- Prompt
Print exactly and only the lines that run from the one containing "Baidu App Logo" through the end of the material, please, omitting pictures.

- Extracted entries
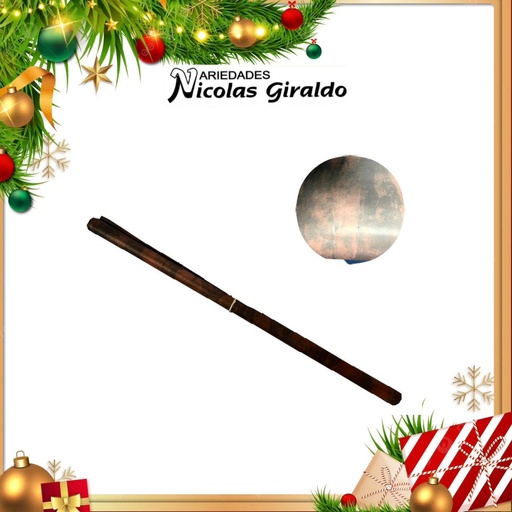 [PE26] PAPEL ECOLOGICO MARRON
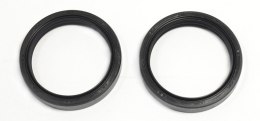 ATHENA USZCZELNIACZE PRZEDNIEGO ZAWIESZENIA OLEJOWE (2SZT.) 49x60x10 (ARI104) DRZ 400 00-12, RM 125/250 96-00, CRF 250 15-18, CR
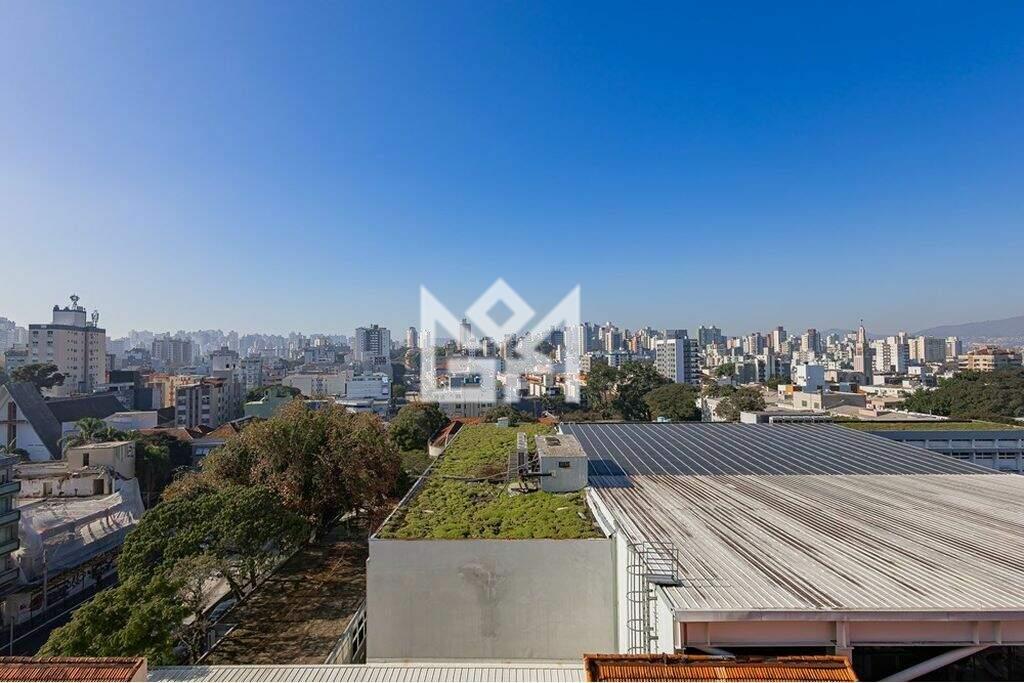Apartamento com 3 quartos à venda, 98m² - Santa Cecília - Porto Alegre: 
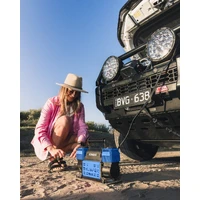 Thumper Max Dual Air Compressor MkII 
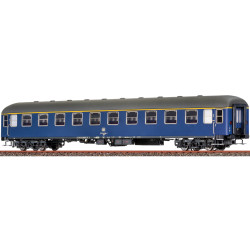 BRAWA 58129 Schnellzugwagen...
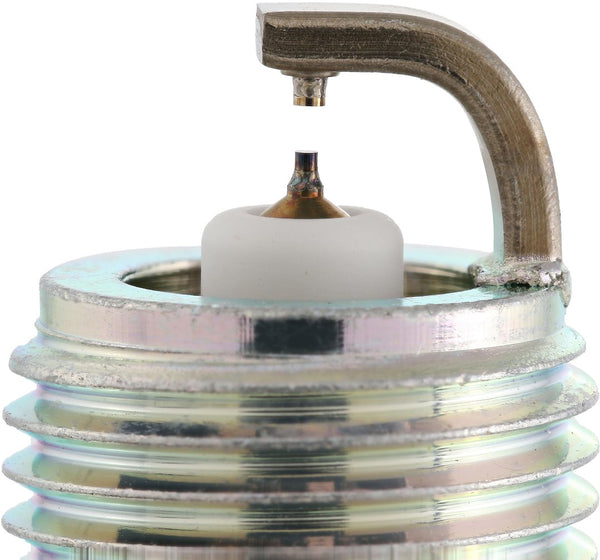 NGK Ruthenium HX Spark Plug (MPN: 91276)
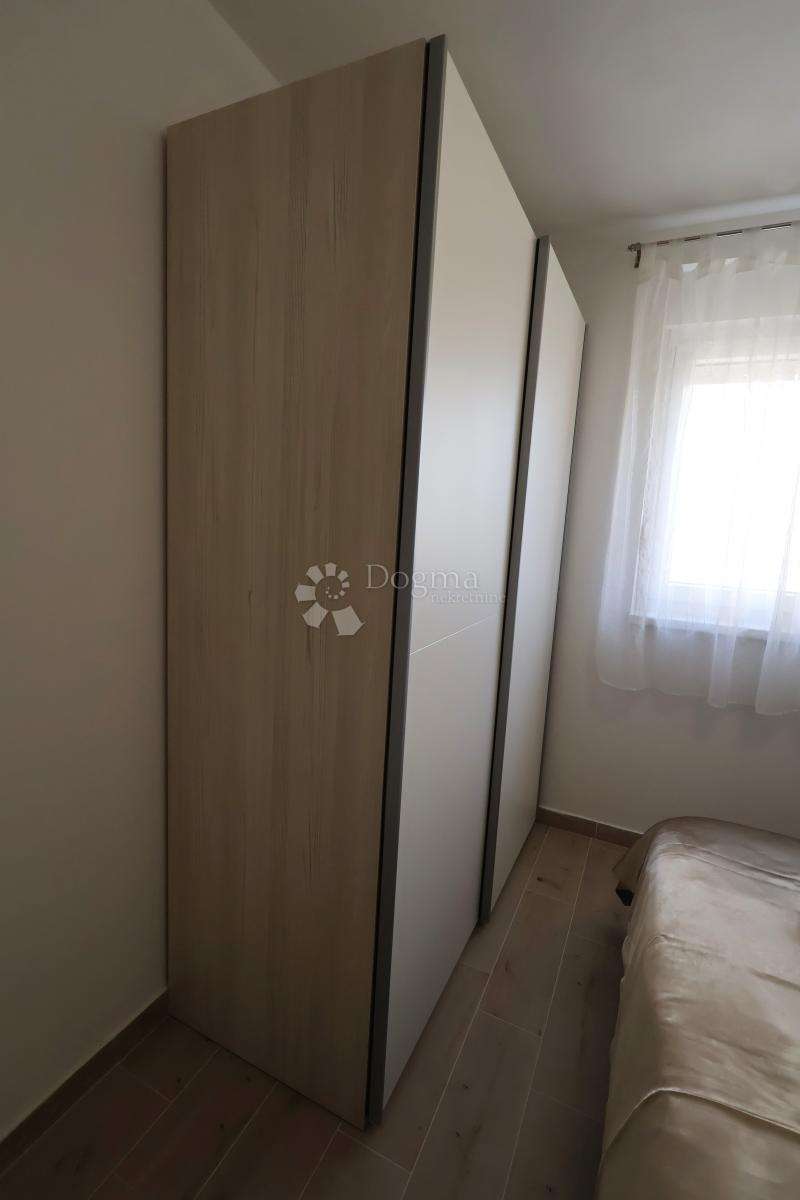 Stanovanje Peroj, Vodnjan, 54,66m2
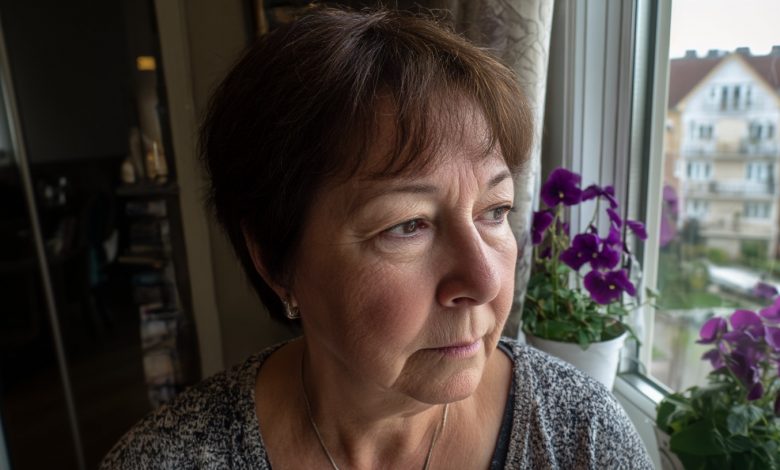 Vyhodila jsem syna a jeho ženu z mého bytu. A teprve potom jsem pochopila, kolik let jsem nežila svůj život Vyhodila jsem syna a jeho ženu z mého bytu. A teprve potom jsem pochopila, kolik let jsem nežila svůj život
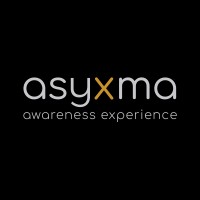 Asyxma - awareness experience logo, Asyxma - awareness experience contact details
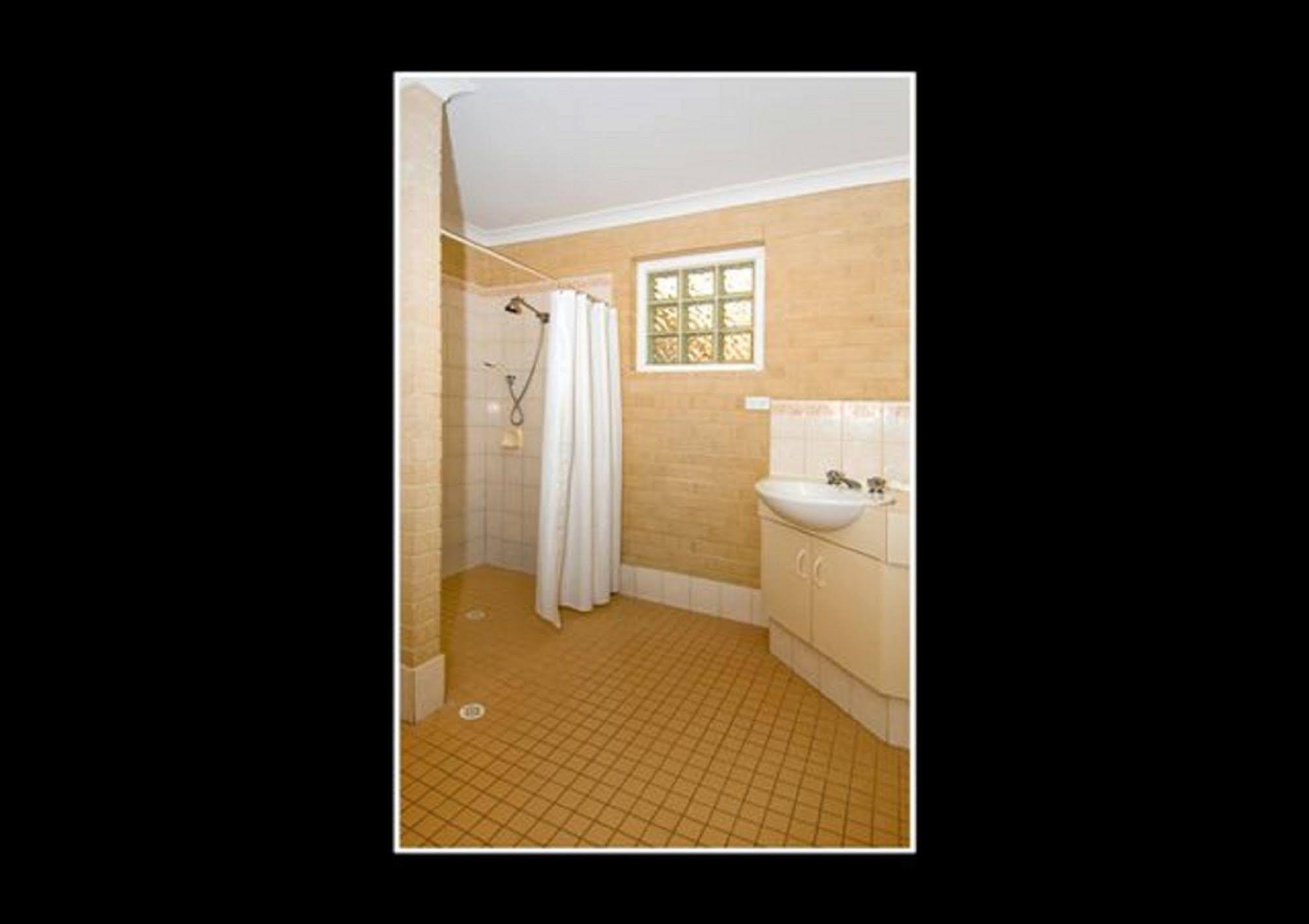 Albany Holiday Units Buitenkant foto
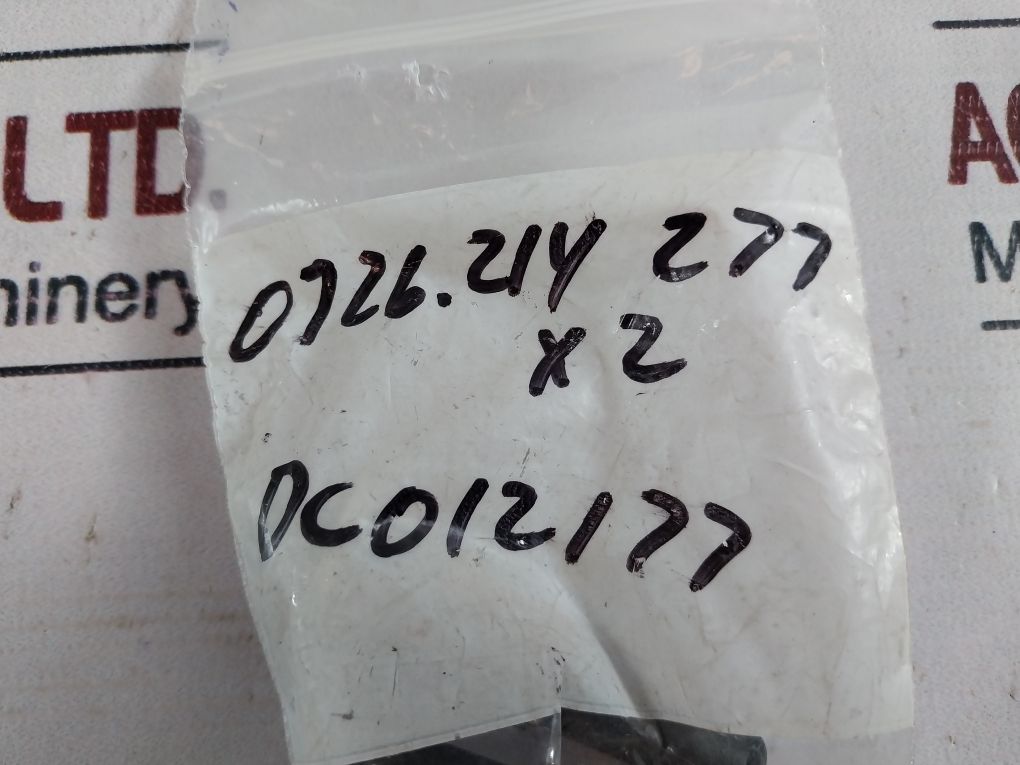 Cannon Ms3106F18-3S Sharcab Cable As Per Bs 6500 Set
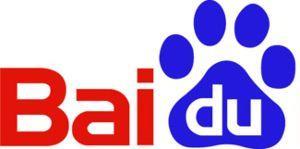 Baidu App Logo - Baidu unveils app platform without the downloads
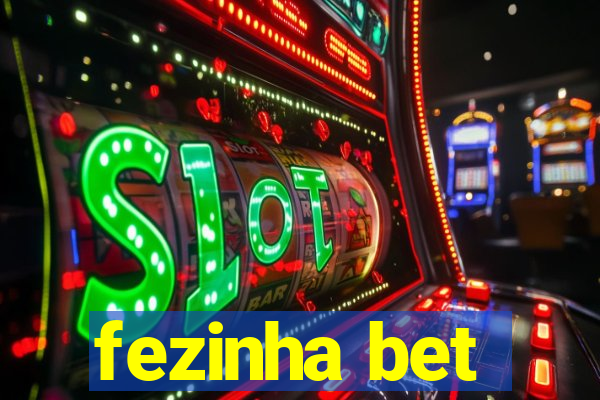 fezinha bet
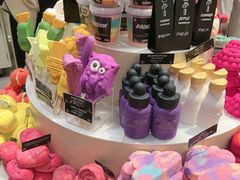 -LUSH(威尼斯人购物中心店)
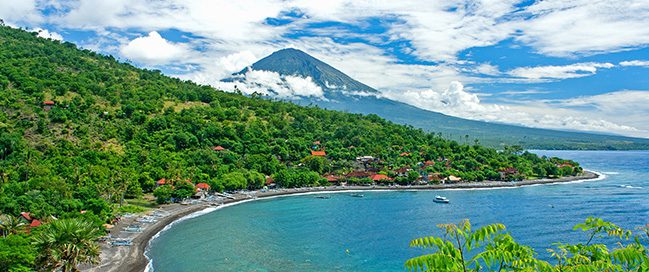 5- Go snorkeling in Amed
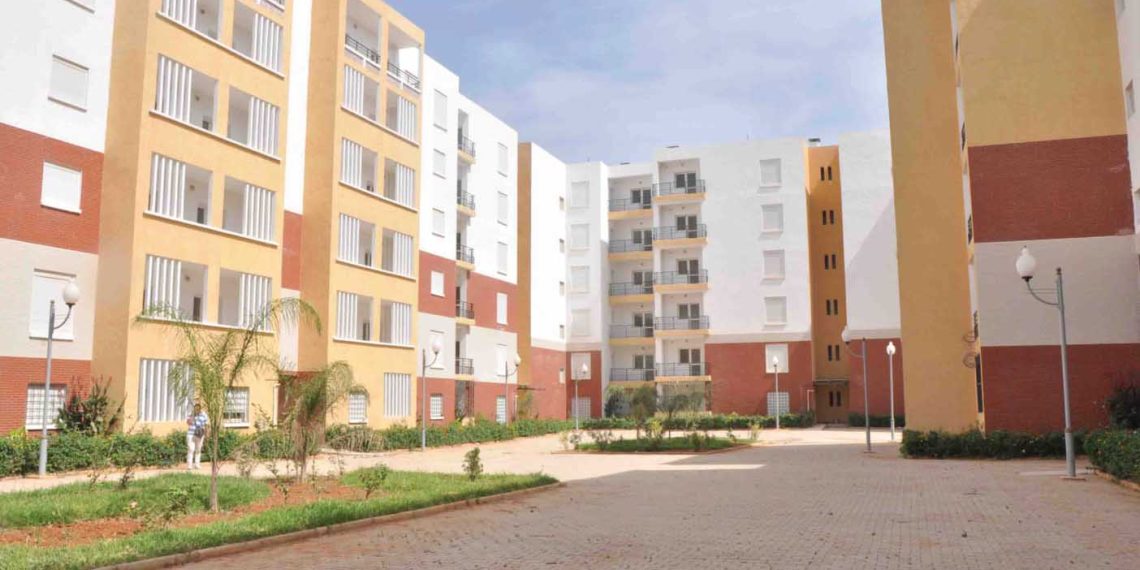 معسكـر.. خارطــة طريق لإنجــاز 2000 وحدة سكنية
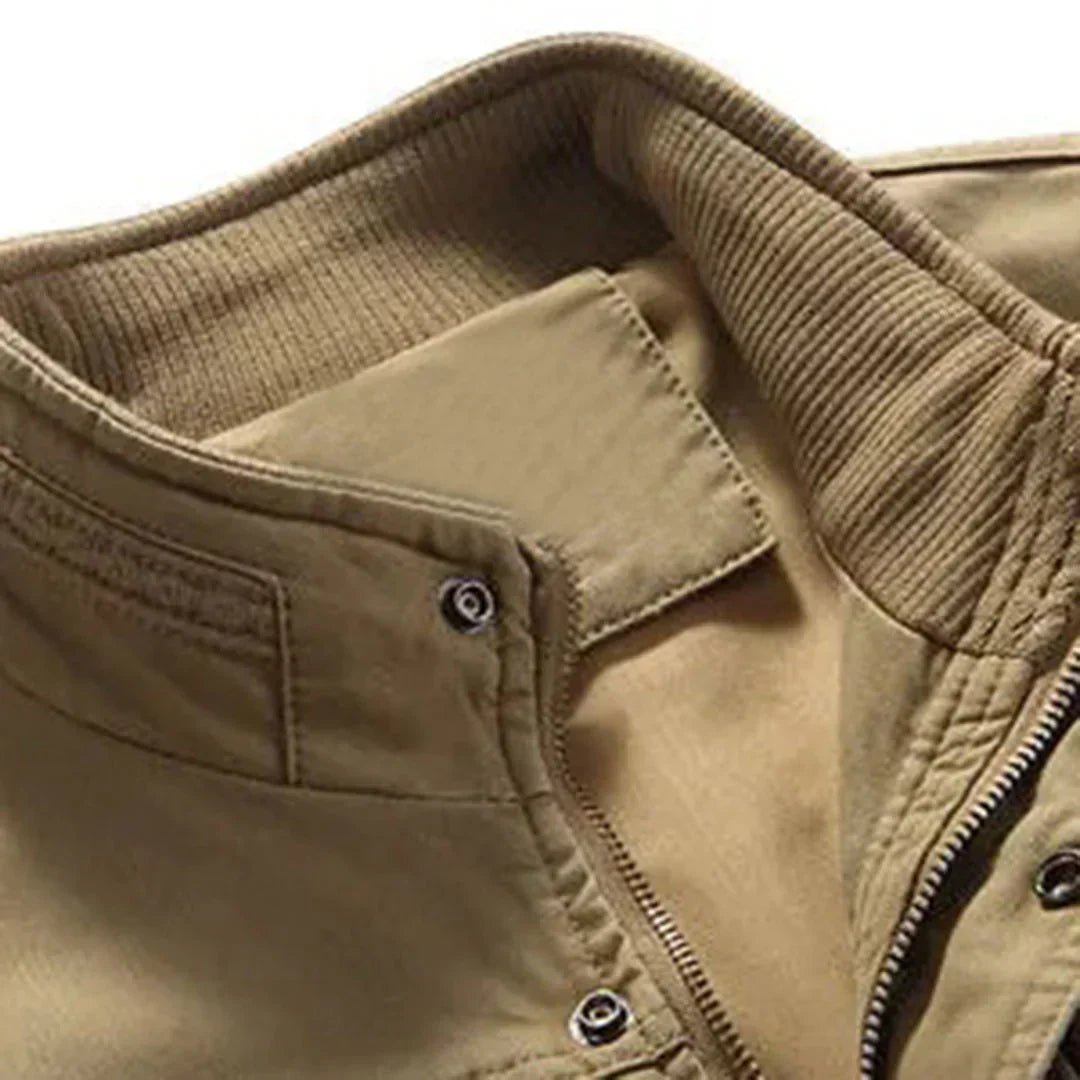 Men's multifunctional outdoor vest – Hunter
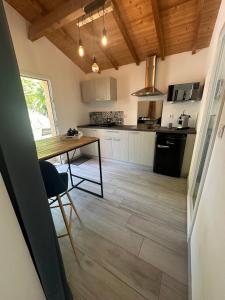 Appartements Villa KIKO, Gite Spa & Sauna privatifs -5 min- Sarlat : photos des chambres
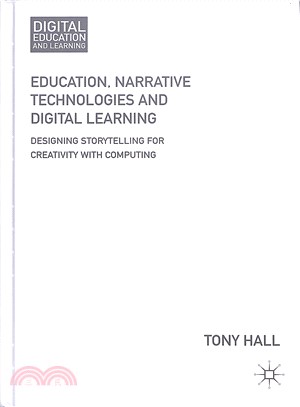 Education, narrative technol...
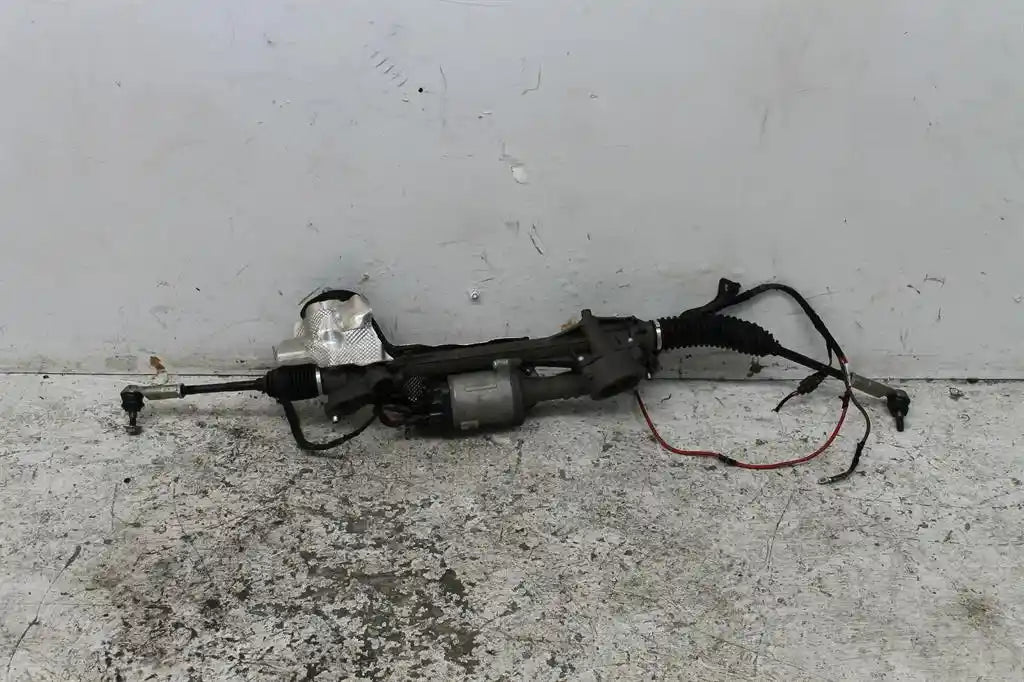 Used Volkswagen, Golf Steering Box/Rack Gen 7 Alltrack 12/12 08/20 2016 – image 1 - All Good Parts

- Result below
 Baidu App Logo - Baidu unveils app platform without the downloads
 fezinha bet
 -LUSH(威尼斯人购物中心店)
 5- Go snorkeling in Amed
 معسكـر.. خارطــة طريق لإنجــاز 2000 وحدة سكنية
 Men's multifunctional outdoor vest – Hunter
 Appartements Villa KIKO, Gite Spa & Sauna privatifs -5 min- Sarlat : photos des chambres
 Education, narrative technol...
 Used Volkswagen, Golf Steering Box/Rack Gen 7 Alltrack 12/12 08/20 2016 – image 1 - All Good Parts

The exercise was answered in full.